DATA IN THIS EXERCISE
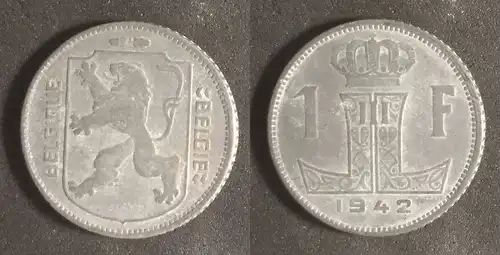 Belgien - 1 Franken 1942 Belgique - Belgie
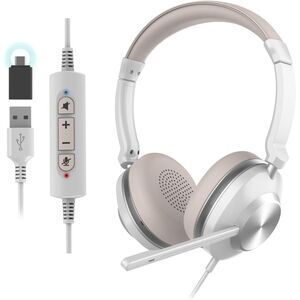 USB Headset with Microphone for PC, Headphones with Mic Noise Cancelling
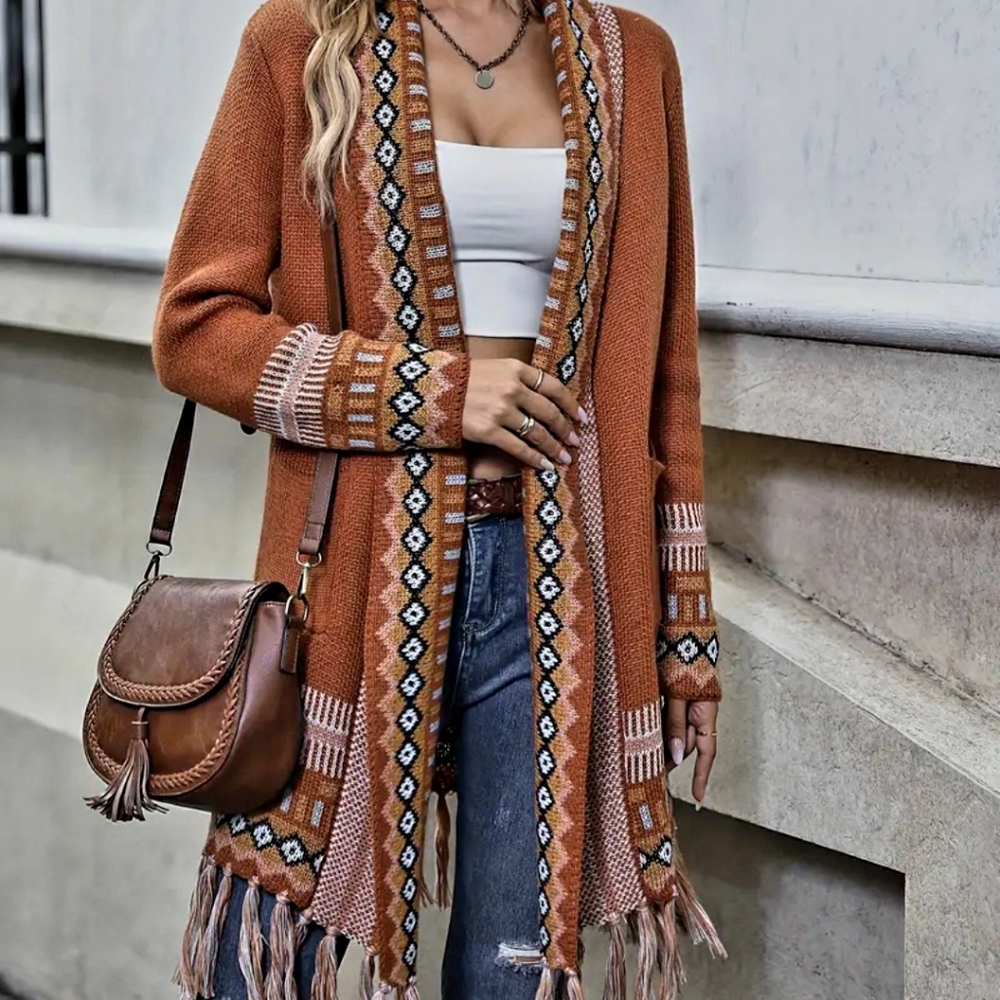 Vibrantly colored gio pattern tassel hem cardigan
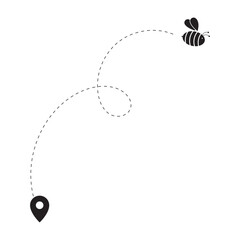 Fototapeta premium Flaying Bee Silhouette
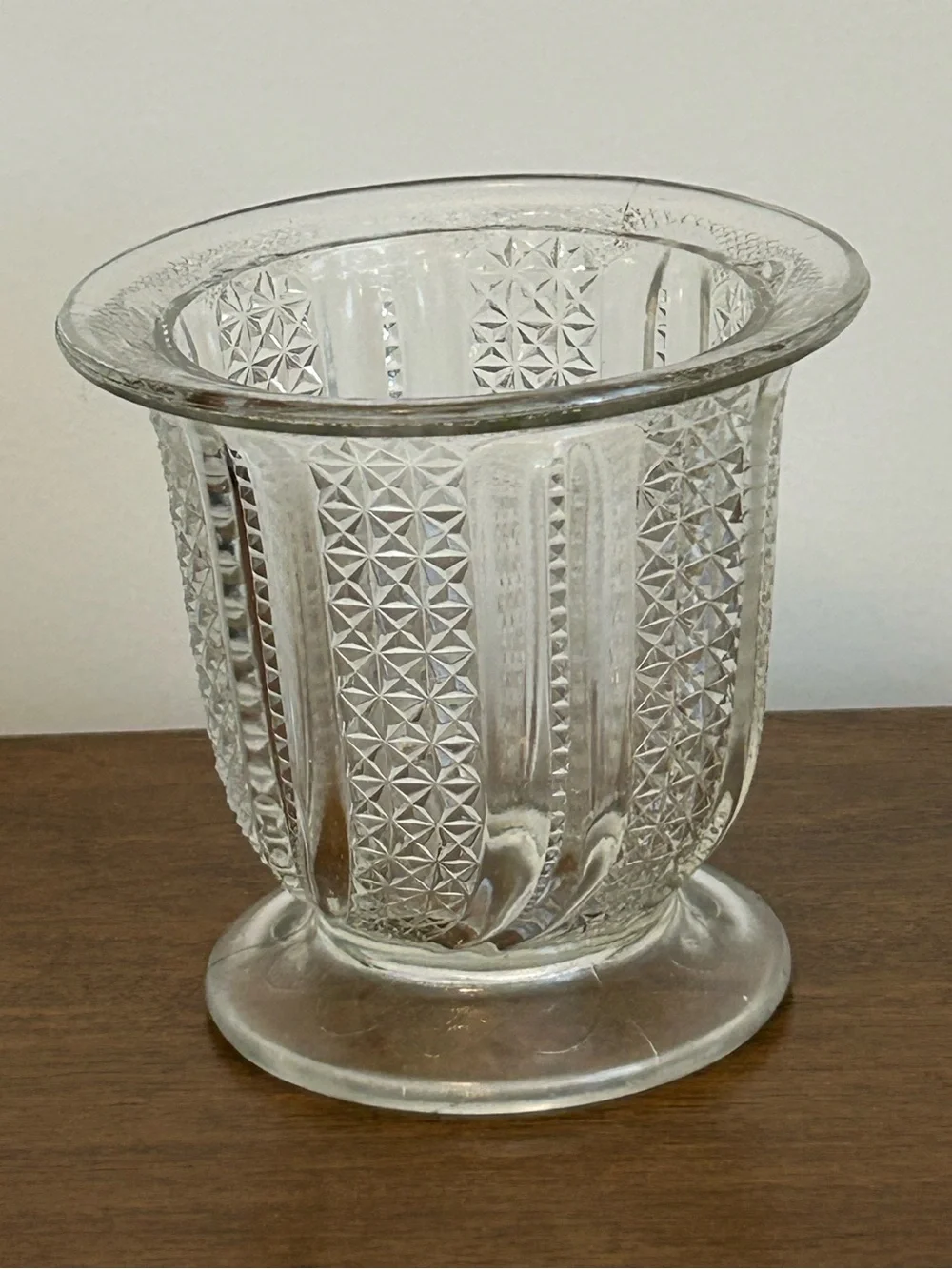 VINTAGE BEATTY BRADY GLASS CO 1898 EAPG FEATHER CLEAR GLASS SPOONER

WORK TASK
Repeat the material above word for word but skip the images.

ANSWER TO THIS PROBLEM
 Belgien - 1 Franken 1942 Belgique - Belgie
 USB Headset with Microphone for PC, Headphones with Mic Noise Cancelling
 Vibrantly colored gio pattern tassel hem cardigan
 Fototapeta premium Flaying Bee Silhouette
 VINTAGE BEATTY BRADY GLASS CO 1898 EAPG FEATHER CLEAR GLASS SPOONER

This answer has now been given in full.